This highlights the potential impact of the linguistic context and tasks when investigating allophonic variation amongst L1 and L2 speakers in French and English. The next section investigates the effect of training on stop-unrelease across all speakers in English.
5.3. Release in English: Phase 1 vs. Phase 2
We first checked for potential differences in release scores in English between Recording 1 vs. Recording 2 in the control group. With the subject COL28F, the p-value for the chi-square test was slightly below the critical value, and without this learner, it rose slightly above it (with COL28F: X2(1, N = 2244) = 4.44, p = 0.035, ω = 0.045, without COL28F: X2(1, N = 2112) = 3.64, p = 0.057, ω = 0.042). This means that without this learner, the differences in release scores are not significant enough between Recordings 1 and 2 in the control group.
Then, we investigated potential differences in release scores in English between the two cohorts (test vs. control subjects having completed both Phases 1 and 2, the speaker COL28F was excluded from now on). Due to possible individual differences, the overall release rates differed slightly between the two cohorts in the first recording (X2(1, N = 1056) = 11.59, p = 0.0007). However, the statistical power (ω = 0.07) points to a minor effect. If we add the nine students who completed Phase 1 only (three in the control group, six in the test group), the differences between the cohorts are ironed out (p = 0.38 (ω = 0.02)).

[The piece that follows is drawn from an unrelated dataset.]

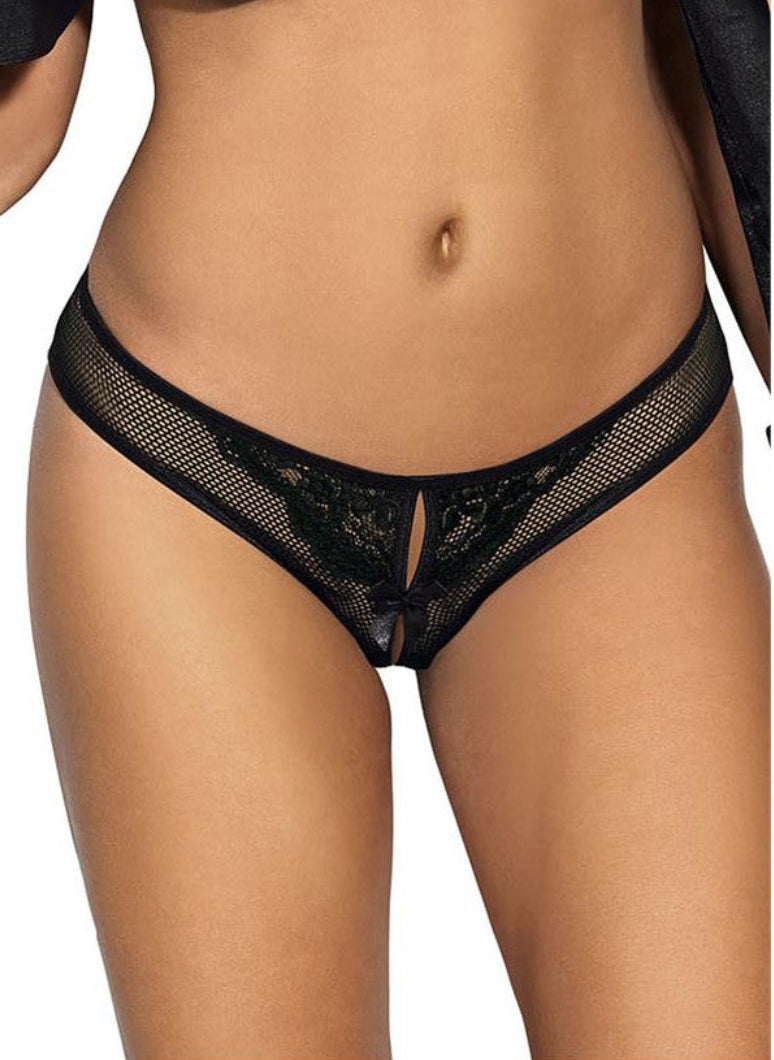 Axami V-8895 Ouvert-Panty in Schwarz getragen – Vorderansicht mit transparentem Netz, Spitze und Schleifendetail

Finally, the effect of training on stop-unrelease amongst the test group was examined (speakers having completed both Phases 1 and 2 only) and was deemed significant (
X2(1,
N = 1842) = 298.52,
p < 2.2 × 10
−16,
ω = 0.404). The average release rate in the control group was 40.2% (rec1 38.2%, rec2 42.3%), while the scores of unrelease in the test group rose from 45.8% (rec1) to 84.3% after training (rec2). More specifically, sentence-final and word-final stops were overwhelmingly released (90% and above for both cohorts) before training (see
Figure 7). Training had a significant impact on sentence-final stop-unrelease in English which rose from 10% to 71.6%, and the difference was slightly smaller in word-final position (from 7.9% to 61.1%). After training, unrelease rose by about 40% in pairs of words (from 49.5% to 91.7%).
Figure 8 complements the preceding figure and indicates which conditions have a stronger influence on stop-unrelease. Stops in final position, be they placed at the end of a sentence or a word, are the most affected by training (Node 13), which leads to a tripling of unrelease scores (Node 15 vs. 14). In medial position, scores depend on whether the stops are straddled between two words in isolation or within a sentence (Node 2). Homorganic pairs have higher scores of unrelease than heterorganic pairs (Nodes 4 and 10 vs. Nodes 6, 7 and 11), yet the difference after training is ironed out in pairs of words (wordmed, Node 12).

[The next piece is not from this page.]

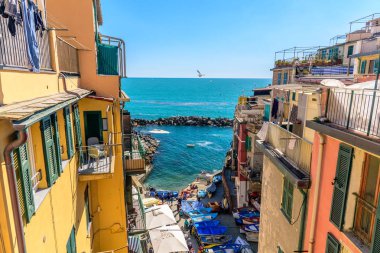 Riomaggiore, İtalya - 29 Nisan 2017 - Ünlü Cinque Terre Milli Parkı'nın içinde, Liguria'daki güzel Riomaggiore kasabasının bir caddesinin görünümü.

Figure 9 shows rates of stop-release by linguistic context (sentences vs. pairs of words) in the test group (before and after training). Overall, homorganic pairs of stops were more often unreleased (rec1: 75.9%, rec2: 98.1%) than heterorganic pairs (75.9% vs. 95.5%) or than stops in final position (11% vs. 72.1%). In final position, /k/ had higher scores of release in both pre-test and post-test. In word-medial position, the homorganic pairs with velar stops were least affected by training despite being three times more often unreleased after training (pre-test: 43% vs. post-test: 14%). The heterorganic pair /kp/ consistently exhibited more release across all conditions in both the pre-test and post-test results. In word-medial position, the bilabial stop /p/ was the least released when followed by the alveolar stop /t/.

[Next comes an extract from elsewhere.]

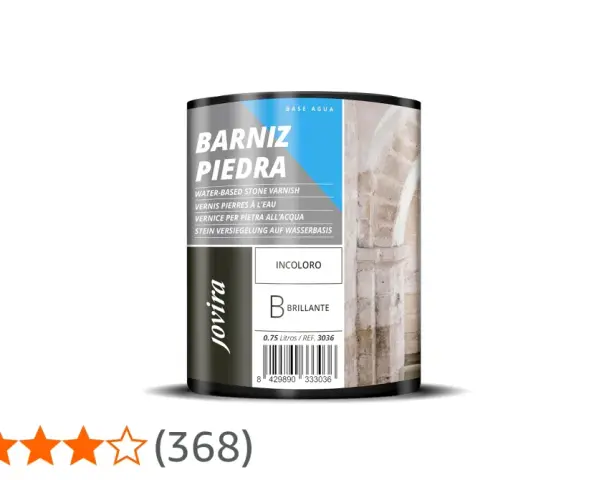 Barniz para piedra Jovira, incoloro y brillante, base agua. Protege y embellece superficies de piedra.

A logistic mixed effects regression was run to confirm the effect of the training on the proportion of stop-unrelease along with the environment in which the stop is (final/heterorganic pair or homorganic pair). The subjects and the words used as stimuli were included as random effects. The model specifications were as follows: release ∼ stopType + cohort * recording phase + (1|speaker) + (1|context). The results point to a significant interaction between the group and the recording sessions (p < 2 × 10−16), with the post-test group having significantly lower rates of release than the control and the pre-test groups. There was also a main effect of position with final stops being significantly more released overall compared to homorganic and heterorganic sequences of stops (for both differences: p < 2 × 10−16). The next section investigates whether the training had a lasting effect on the sample of students who re-read the same stimuli in English after a month without further training on stop-unrelease.
5.4. Release in English: All Three Phases
This section analyses the evolution of stop-unrelease amongst the six learners having completed Phases 1, 2 and 3. Stop combinations were classified into a binary variable (within a pair or in final position), since the differences in release scores rely mainly on this opposition (see
Figure 8 and
Figure 9 above). In
Figure 10, the scores of release amongst speakers having completed all three phases depend on the position (Node 1) of the stop (final position or in pairs of stops) and on whether they received the training (remaining nodes). The pair context did not lead to significant differences in release scores amongst the control group (all three phases) and the test group (pre-training). In the test group, the scores were slightly higher in Phases 2 and 3. This means that during the follow-up reading session, the effect of training was still observable a month later. A similar pattern was found for stops in final position with a more striking difference in scores between speakers having received training and those with no training, even though the
p-values are considered equivalent (
p = 0.001). In Phase 3, release decreased in the control group (cont3, Node 5), while within the test group, it increased a month after training (post-test2, Node 8). This means that the effect of training was less durable for stops in final position than it was for pairs, whose scores of unrelease were initially very high (above 80%).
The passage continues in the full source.